Doğru yoldan gitmek, doğru yolu bulmak,
doğru düşünmek, akıl ve temyiz gücüne sahip olmak, irşâd
ise doğru yolu gösterme, uyarma, irfan sahibi birinin bir kimseye
tarikatı ve Allah yolunu göstermesi gibi anlamlara gelir.
İrşâdı yapan kimseye mürşid denir. Allah'ın,
sayısı doksandokuz olan güzel isimlerinden birisi de "er-Reşîd"
(bk. Hûd, 11/87). Reşîd, mürşid anlamındadır. Mürşit,
doğru ve hak yolu gösteren demektir. Şu halde irşâdda;
rehberlik, doğru yolu gösterme, hak ve hakikate davet söz konusudur.
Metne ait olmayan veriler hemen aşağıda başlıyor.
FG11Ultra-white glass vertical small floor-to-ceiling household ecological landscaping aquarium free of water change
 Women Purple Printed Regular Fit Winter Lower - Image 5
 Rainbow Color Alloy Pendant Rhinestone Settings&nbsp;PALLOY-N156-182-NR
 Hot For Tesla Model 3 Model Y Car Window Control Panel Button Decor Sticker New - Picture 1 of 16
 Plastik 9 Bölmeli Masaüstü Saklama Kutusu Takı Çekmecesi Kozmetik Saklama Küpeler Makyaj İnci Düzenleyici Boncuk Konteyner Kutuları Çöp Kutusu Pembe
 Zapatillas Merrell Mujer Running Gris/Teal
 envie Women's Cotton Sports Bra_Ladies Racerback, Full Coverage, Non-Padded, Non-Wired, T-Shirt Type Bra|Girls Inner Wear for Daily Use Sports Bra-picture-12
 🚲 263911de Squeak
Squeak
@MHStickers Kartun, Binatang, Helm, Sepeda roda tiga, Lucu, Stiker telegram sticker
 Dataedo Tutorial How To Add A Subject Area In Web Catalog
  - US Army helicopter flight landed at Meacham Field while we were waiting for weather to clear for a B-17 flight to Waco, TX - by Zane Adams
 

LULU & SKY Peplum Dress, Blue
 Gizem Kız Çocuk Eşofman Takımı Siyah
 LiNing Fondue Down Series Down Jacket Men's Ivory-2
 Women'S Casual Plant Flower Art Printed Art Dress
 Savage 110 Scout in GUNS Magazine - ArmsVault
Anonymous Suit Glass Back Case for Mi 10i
Terim olarak irşâdı şöyle tarif
edebiliriz: Bu işe ehil kimseler tarafından insanları, dünya
ve ahiret saadetine ermeleri için hak ve hakikate, doğru yola, salih
amele ve her çeşit iyiliklere çağırarak, her türlü
kötülükten kaçınmalarını telkin etmek.

İrşâdda muhatab olan, yani irşâd
edilecek kimseler hem gayrimüslimler ve hem de müslümanlardır. Müslüman
olmayanları irşâd; onları iman ve İslâm'a davet
etmek demektir. Müslümanları irşâd ise; onlara imanın
gereği olan salih amel ve güzel ahlâkı telkin etmektir.
İrşâdı yapacak kimseler ise Peygamberlerden sonra, salih müminler
ve din bilginleridir. İrşâd, dini bir emir olup müslümanlar
üzerine farz-ı kifayedir. Müslümanların içlerinden bir grup
bu görevi yapınca diğerlerinin üzerinden düşer.
İnsanları irşâd edecek mürşidleri, din bilginlerini
yetiştirmek müslümanlar üzerine farzdır. Kur'an-ı Kerîm'de:
"Sizden, insanları hayra çağıran, iyiliği
emredip kötülükten alıkoyan bir topluluk olsun" (Âlu
İmrân, 3/104)buyurulur. Ümmet; grup, sınıf
anlamınadır. İçinizden irşâd görevini yapacak bir
grup bulunsun" veya "sizden, emr-i bi'l ma'ruf ve nehy-i ani'l
münker yapacak bir topluluk oluşsun" demektir.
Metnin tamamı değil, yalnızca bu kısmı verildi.